Well that makes for an interesting optimization for large prime number searches. I wonder what percentage of workload it would reduce to first check that a number met that particular criteria.

[Snafuist]

Well that makes for an interesting optimization for large prime number searches. I wonder what percentage of workload it would reduce to first check that a number met that particular criteria.

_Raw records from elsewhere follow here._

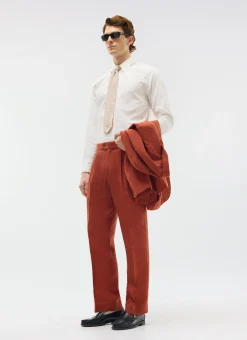 Percival Linen Trousers|Race Day Suits^Pleated Tailored Trousers Rust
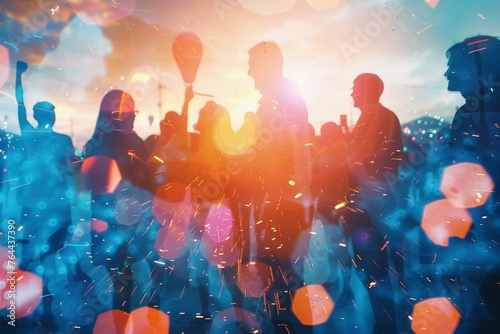 Double exposure of a corporate celebration and a team, illustrating the rewards and satisfaction of collective achievements
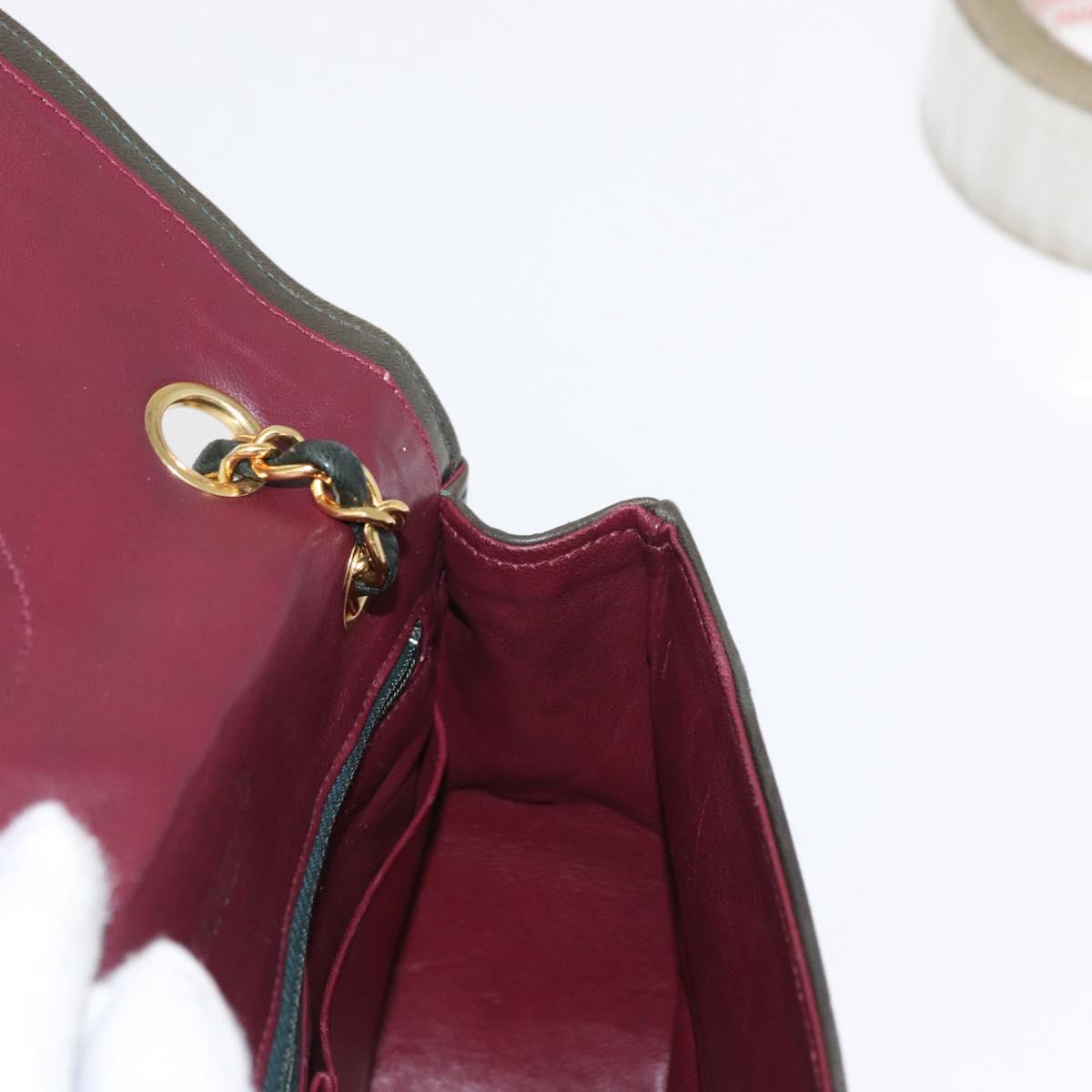 CHANEL Chain Matelasse Shoulder Bag Lamb Skin Khaki Gold CC Auth 155402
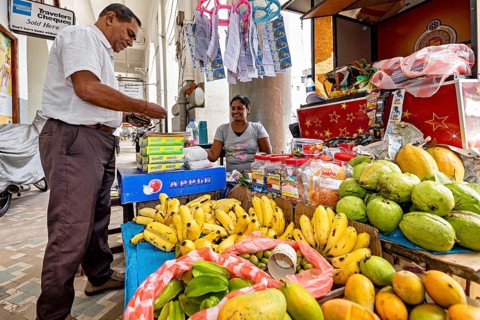 A lively market stall with exotic fruits such as bananas and mangoes, a vendor serves a customer,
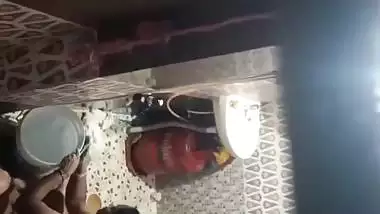 Neighbor aunty taking bath caught by voyeur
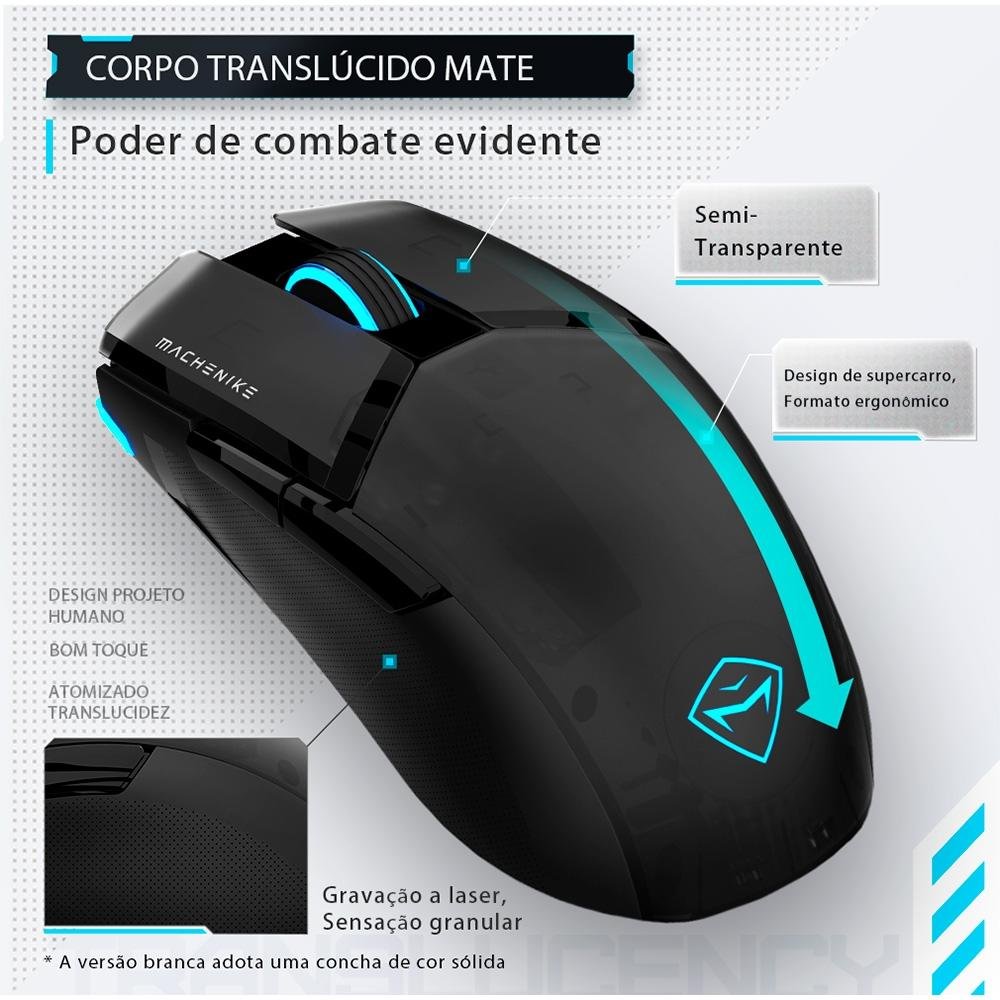 Imagem 8 de 14 do produto Mouse Gamer Machenike M7 Pro, Com fio, 12800 DPI, 6 botões, Preto - JJ02GP006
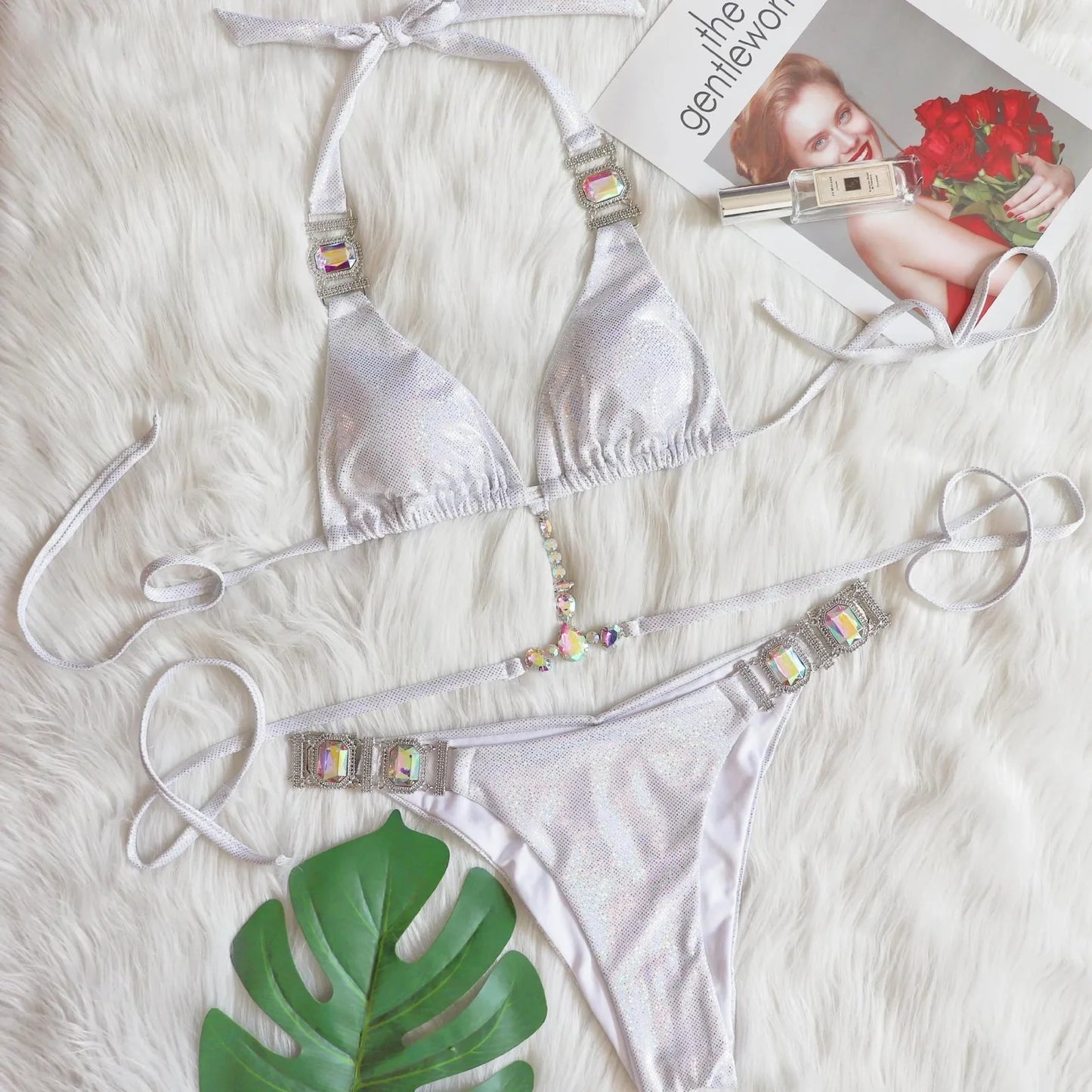 Halter bikini set with adjustable ties and metallic glitter finish in silver, blue, gold, or green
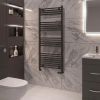 UK Bathrooms Essentials Bi-Directional Corner TRV with Lockshield in Matt Anthracite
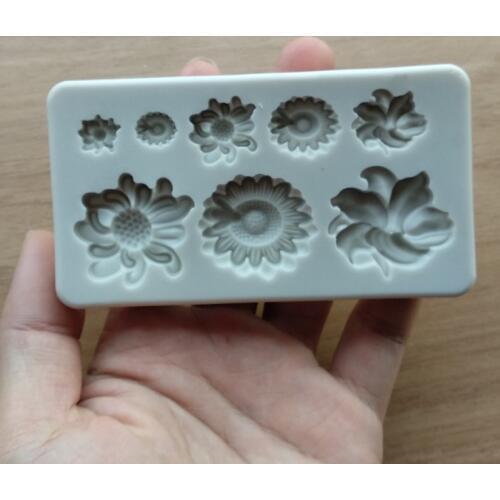 Silicone DIY Cake Decorating Mold Flowers Shape Sugar Craft Fondant Mold Silicone Lace Mat Chocolate Molds MR126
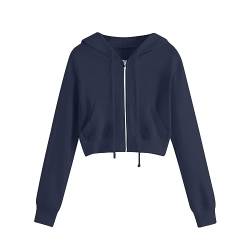 AACH Hoody Damen mit Kapuze Sweatjacke Cropped Teenager Mädchen Kurzjacke College Jacke mit Reißverschluss Sweatshirt Premium Kapuzenpulli Hoodie Outdoorjacke Pullover Jacken von AACH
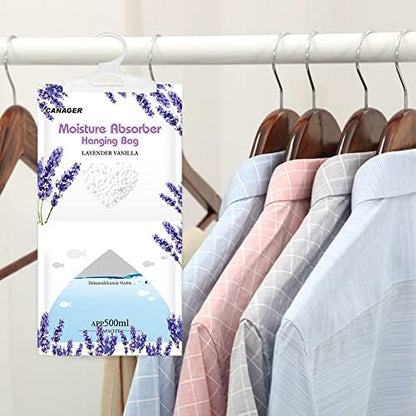 CANAGER Moisture Absorber -12 Pack,Lavender Vanilla Hanging Humidity Bag,Home,Car, and Closet Dehumidifiers and Deodorizers (12.5OZ)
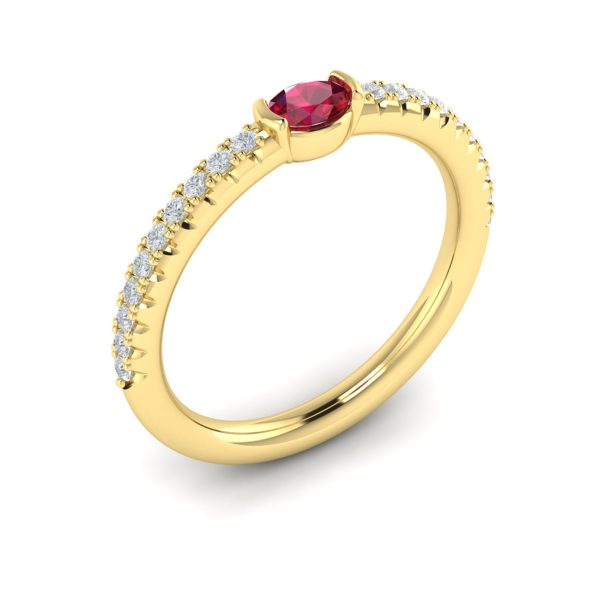 Vlora Sofia 14k Yellow Gold Diamond and Ruby Ring VR60135R Online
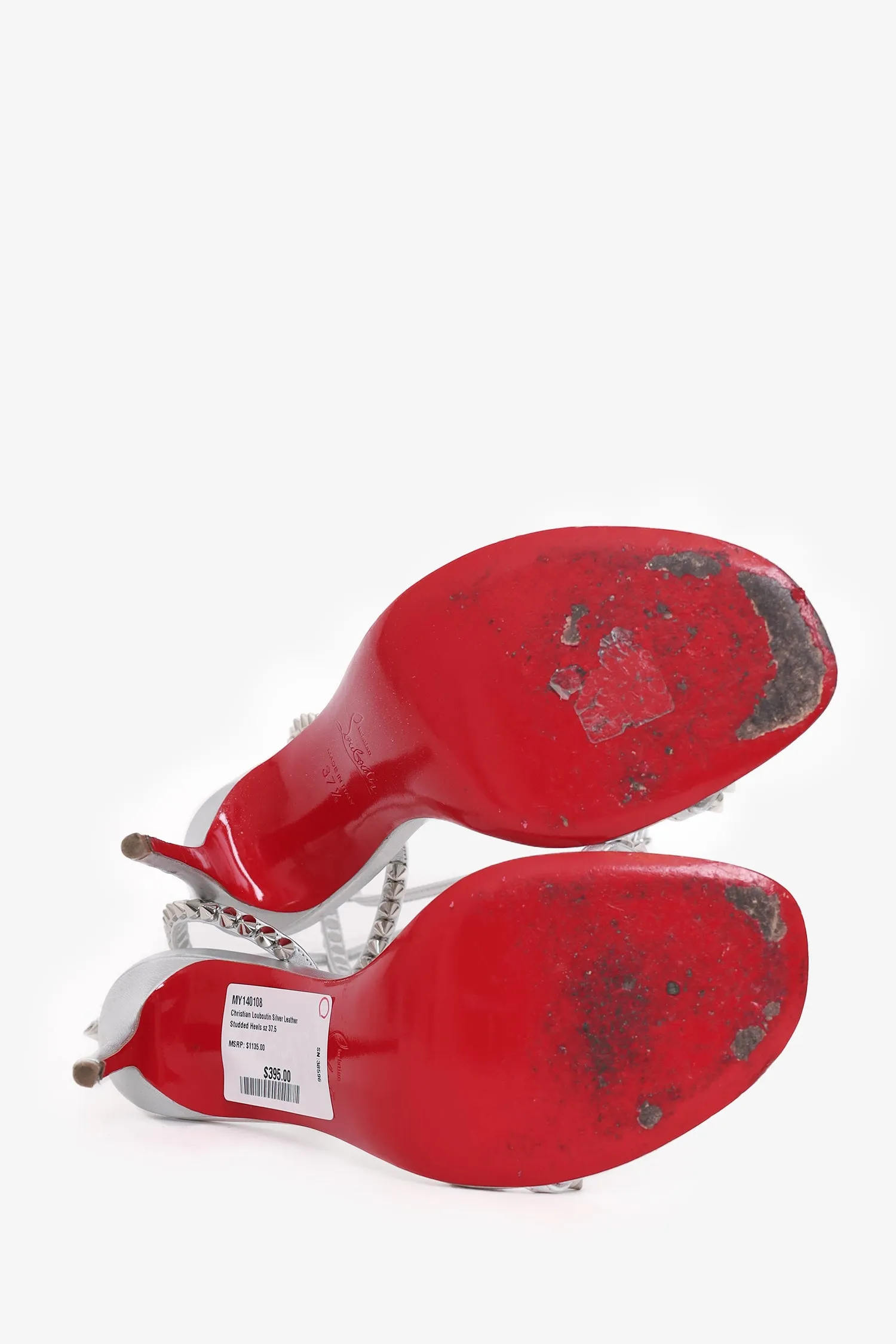 Christian Louboutin Silver Leather Studded Heels Size 37.5
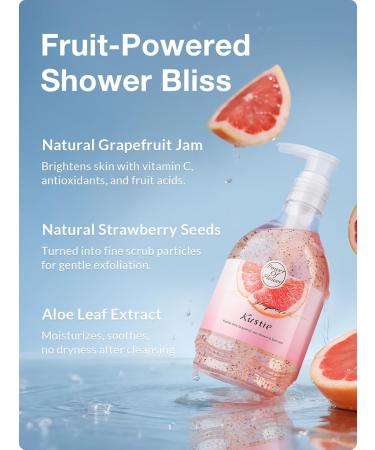 Kustie Grapefruit Jam Body Wash Exfoliating Shower Gel with Strawberry Seeds Grapefruit Extract & Squalane Refreshing Brightening & Nourishing Cleanser for Dry & Sensitive Skin 19.6 fl oz - Buy Online on GoSupps.com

A number is dividable by 2 and 3 if it is dividable by 24, so checking if 2 or 3 divides a given number is probably much faster (and tells you more about the number).

Greets,
Philip

[Sebastiani]

Hey that's pretty cool, though. Nice one.

[abachler]

Its faster to just check if a number, modulo 6469693230 has a prime remainder, since all prime numbers do.

[Tonto]

The greatest common factor explanation of this is great

[Sebastiani]

>> Its faster to just check if a number, modulo 6469693230 has a prime remainder, since all prime numbers do.

Are you sure about that? Can you elaborate?

[abachler]

>> Its faster to just check if a number, modulo 6469693230 has a prime remainder, since all prime numbers do.

Are you sure about that? Can you elaborate?

Yes I'm sure, no I won't elaborate. Well, maybe a little. Specifically, any prime number P modulo a primorial X such that P=> primorial X will have a prime remainder. Obviously it also works for P< X btu then you just check it agaisnt he known primes. This is not a guarantee that the number tested is prime, but it will guarantee it is composite if it fails. It will nto however give you any of the factors of the composite number. The greater the value of X the stronger the evidence for being prime. This method of checking very large primes is an embarrisingly parallelizable method. Since as X grows, it increases teh number of independant checks very quickly. It does however require a very large and comprehensive database of known primes for values of X larger than ~31. The size of the database approaches (X primorial / ln(X primorial)) * sizeof(N) where N is the type of teh storage unit for a single prime. For X = 23 and N is a DWORD its about 46MB, while for 29 its over 1GB, and it grows more rapidly after that.

[Snafuist]

There are seven dwarfs, each one wearing a unique hat. A wind blows off the hats. The dwarfs start running after their hats and each dwarf puts on the first hat that he manages to catch. Eventually every dwarf has a hat again.

What is the probability that exactly six dwarfs are wearing their own hat now?

Greets,
Philip

[tabstop]

I would say that equals (6!/(6*5!))-1.

[Snafuist]

Right!

Can someone else explain it?

Greets,
Philip

[Snafuist]

Oops, I skipped #4, so here it is.

Consider the following program:

Code:

int cmp(int a, int b)
{
        if(a > b) {
                return 1;
        } else if(a < b) {
                return -1;
        } else {
                return 0;
        }
}

Can you come up with an implementation that doesn't use conditionals, i.e. if, for, while, switch?

Greets,
Philip

[laserlight]

I presume that includes ternary operator, and that this is either C or C++?

[matsp]

Code:

return (a >b)?1:(a<b)?-1:0;

--
Mats